Camminando per Istanbul, ci si può imbattere nel “Palazzo Donizetti Hotel”; da qualche mese, anche in un “caffè Donizetti”. Tutti pazzi per Ernesto e Dorina? Non proprio! Il Donizetti eponimo non è infatti Gaetano ma il fratello Giuseppe, in Turchia meglio noto come Donizetti paşa: anch'egli musicista e protagonista di una delle tante storie – tutte dimenticate – d'incontri culturali italo-ottomani. Arrivò nella città sul Bosforo nel 1828, per ricoprire il ruolo di “istruttore generale delle musiche imperiali ottomane”: per sovrintendere cioè alle bande militari, che ovviamente addestrò secondo i principi della musica “occidentale”, ottenendo poi il grado di generale (o paşa).

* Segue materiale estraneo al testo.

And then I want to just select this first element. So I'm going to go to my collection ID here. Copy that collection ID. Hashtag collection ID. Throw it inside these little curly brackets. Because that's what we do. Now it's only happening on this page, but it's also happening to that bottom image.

Fu anche insegnante di musica dei membri della famiglia reale – principesse dell'harem comprese – e compositore: a lui si devono i primi due inni dell’impero, la marcia “Mahmudiye” del 1829 per Mahmud II e la “Mecidiye” del 1839 per il successore Abdülmecid I; organizzò stagioni operistiche e spettacoli musicali di ogni tipo a Pera oggi Beyoğlu (allora abitata soprattutto da europei), ospitò celebrità come Franz Liszt che gli dedicò la “Grande Paraphrase de la marche de Donizetti composée pour Sa Majesté le Soultan Abdul Mejid-Khan”. Gaetano lo chiamava “il mio fratello turco”; e Giuseppe a Istanbul rimase fino alla morte, nel 1856: è sepolto nella cripta della cattedrale cattolica di Saint Esprit.

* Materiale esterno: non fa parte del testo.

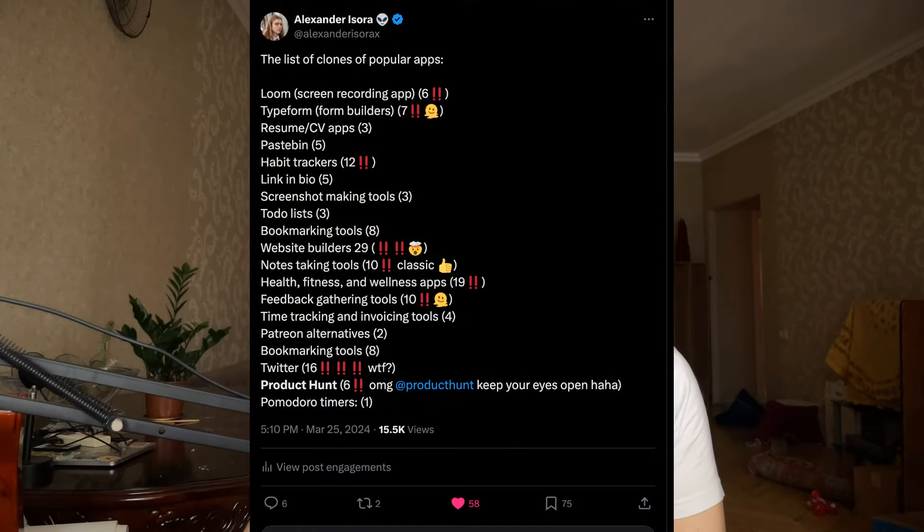Now the sweetest part — let's upload it to Claude and ask questions. The first thing I asked is to break down the list of launches by types of projects: how many Product Hunt clones are there, how many website builders, and so on. And this is what I got.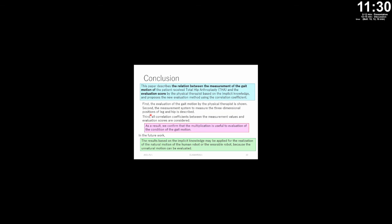Conclusion: This paper describes the relation between the measurement of the gait motion and the evaluation score, and proposes a new evaluation method using correlation coefficient. First, the evaluation of the gait motion was shown. Second, the measurement system was described. Third, all correlation coefficients were considered. As a result, we confirmed the multiplication method is useful. In future work, the results based on accumulated knowledge may be applied to the realization of natural motion for human robots or wearable robots, since unnatural motion can now be evaluated. Thank you.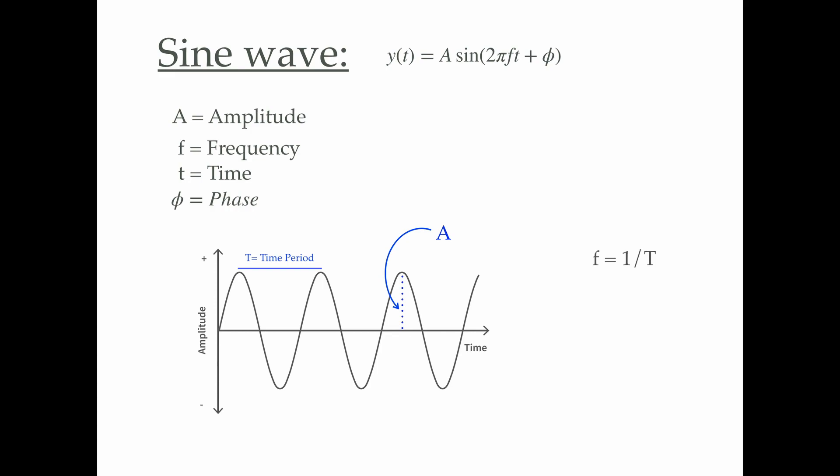Phase basically gives us information about the starting point of our sinusoidal wave. In this case, we can see that the graph starts from zero, which means that the phase in this case will be zero.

Il suo posto venne preso da Callisto Guatelli (di Parma), che ripeté la carriera del predecessore e connazionale: direttore della banda militare fino alla morte nel 1899, insegnante di musica della famiglia imperiale, autore dell'inno Aziziye marşı per il sultano Abdülâziz, insignito del grado di generale/paşa. In più compose “24 Arie nazionali e canti popolari orientali, antichi e moderni”, brani tradizionali turchi con arrangiamento orientaleggiante, e la “Osmanlı Sergi Marşı” per la esposizione universale di Londra del 1862 in cui trovano posto echi del “God Save the Queen”.

Ascoltate questi brani in alcuni CD del direttore d'orchestra e musicologo Emre Aracı, fondatore della London Academy of Ottoman Court Music, a cui si deve la riscoperta di questo grandioso patrimonio culturale oscurato dal tempo e dai pregiudizi. Ma “Musica europea alla corte ottomana”, “Bosforo al chiaro di luna”, “Invito al Serraglio” ed “Euro-ottomania” contengono molto altro ancora e soprattutto delle chicche: composizioni di alcuni sultani, tra i quali Selim III, Abdülâziz e Murad V; una marcia di Gioachino Rossini dedicata ad Abdülmecid I.

I rapporti tra il cosiddetto “Occidente” e il mondo ottomano furono infatti molto più densi e fecondi di quanto si voglia far credere oggi: e soprattutto gli italiani svolsero un ruolo determinante come “mediatori culturali”, in tutte le arti e soprattutto in campo musicale. È un patrimonio perduto, che va assolutamente recuperato: anche come antidoto alle suggestioni dello “scontro di civiltà”, fondate per l'appunto sull'ignoranza e non sulla conoscenza.